Census-ASGS-Level-and-Model-Sensitivity

An analysis of machine learning sensitivity to different levels of regional granularity in training.

The goal of this project is to compare the efficacy of machine learning models based on different levels of geographic aggregation, based on the Australian Statistical Geography Standard framework. the key questions are:

Can we find a model for predicting with an R2 value > 0.7? (Based on prior work, I suspect the answer is yes).
Using this model, what is the impact on accuracy for feeding in data that is consolidated at a different level (e.g. neighborhood vs city vs county)?
How do models trained at differing levels of granularity compare in both baseline accuracy and generalisability? I.e. Are models trained with the most fine grained data more accurate, or are they prone to overfitting?

As a starting point I will be utilising the Australian Bureau of Statistics 2016 Census Datapacks and attempting to predict "working from home" behaviours by region.

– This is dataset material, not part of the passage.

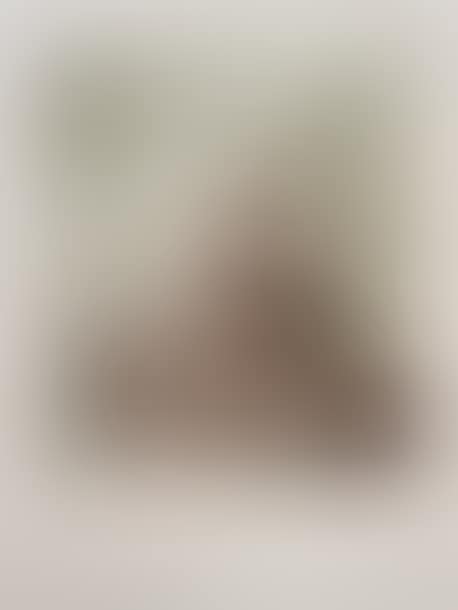 Plate for L"ETANG by Jean LECUIRE 1972 (preview)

Why this particular response vector? a) It just seems interesting and b) I suspect that demographic information available within the census itself (gender, age, profession and industry) will all be strongly related to both individuals' propensity to undertake working from home and their ability to do so with support from employers.

Metric for evaluation

It may be expected that because we are comparing model efficacy it would be worthwhile exploring RMSE as noted here. Given the increasing variance in the predicted outcome at different SA levels, by failing to take the population variance into account RMSE will tend to inflate the error rate of the models trained on more disaggregated SA levels. Accordingly, I have been focused on R2 score as a metric (due to my desire to explore the explanatory power of models).

I considered using Adjusted R squared, but the high dimensionality simply made the results irrelevant (Adjusted $R^2$ is supposed to always be lower than $R^2$, and this was not the case where n samples < k parameters as often occurred at the SA3 level). Additionally, since the number of features is the same between models, the only driver of differences between Adjusted $R^2$ and regular $R^2$ is the sample size. Given the entire point of this analysis is to determine the power of having more training samples, using a metric which seeks to mitigate this as a factor seemed disingenuous.

Summary of findings

Comparisons of model efficacy

By applying machine learning techniques on a custom list of identified tables within the dataset, I find a fairly robust Random Forest model (R2 score of 0.7) to predict the "Worked from Home participation rate" in a given population at the SA3 level, which is the most aggregated of the SA levels used in this project. Models trained at the more granular SA2 and SA1 levels varied in performance, with SA2 trained models typically performing better than SA3 models based on r2 scores, while SA1 data performs signficantly worse than models trained at either of the other area levels. By my reckoning, this performance is attributable to two factors:

SA2 level data has significantly more points to train on, which allows a better tuning of features to generate an effective model.
The intentional addition of "noise" by the ABS to its datasets in an effort to protect the privacy of citizens and sensitive information becomes overwhelming at the SA1 level, making prediction extremely difficult.

It is not transparent to me how much power each of the two have, and it would be interesting to see how performance varies when using different supervised learning techniques such as boosting (based on current success with Random Forests) or SVM (based on the high dimensionality but "low" number of data points). Additionally, there seemed to be consistent improvement across models after initial training by reducing the number of input features from ~500 to only the top 100. I have not explored this improvement trend further but it could be worth investigation in the future.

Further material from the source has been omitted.